As suggested, even this DAG is simplified for clarity purposes. It ignores, for instance, all other potential measured (e.g., race/ethnicity) and unmeasured confounders that might affect selection into delinquent behavior, criminal justice contact and subsequent felony conviction, and participation in a survey. Still, an important first step in analyzing data should be to precisely and transparently specify causal assumptions. Even if the causal model is wrong (as all likely are), we can learn from it because a precisely and transparently reported causal model clearly communicates the assumptions underlying our interpretation of the data and, in turn, allows others to critique, test, and challenge our causal model with alternatives.

Put differently, DAGs force the researcher to make choices, and these choices are ultimately testable. For example, in the above DAG, there is no arrow going directly from prior felony to delinquency. Thus, this DAG explicitly assumes that any empirically observed statistical dependence between prior felony and delinquency is expected to be entirely caused by other factors in the model (i.e., morality, sex, and self-control).

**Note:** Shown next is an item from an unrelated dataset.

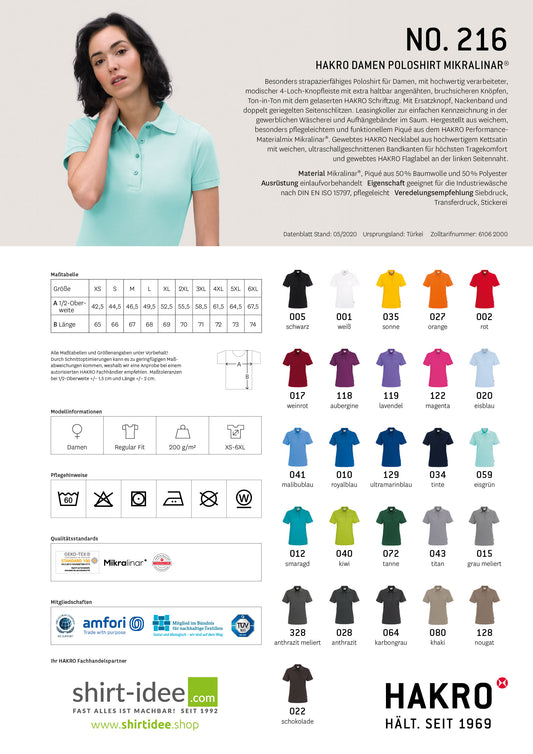 FSVEH - Damen Polo-Shirt Performance - shirtidee.shop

If you think other factors than those in the DAG are important (e.g., crime as a collateral consequence of official labeling or the pains of punishment), then you can modify the DAG and examine the empirical implications of doing so. For now, we think this DAG will suit our purposes of illustrating some consequences of conditioning on colliders in three different examples using simulated yet realistic (examples 1 & 2) and real-world (example 3) criminological data.

In our first example, we will estimate the moderated effects of self-control on delinquency at different levels of moral beliefs in two samples: (1) a sample drawn at random from a “general” population with known (simulated) parameters; and (2) a “restricted” sample selected at random from the same population only after limiting the sampling frame to those with criminal felony records. This second restricted sample was motivated by the Pathways to Desistance study, a commonly used data source in criminology.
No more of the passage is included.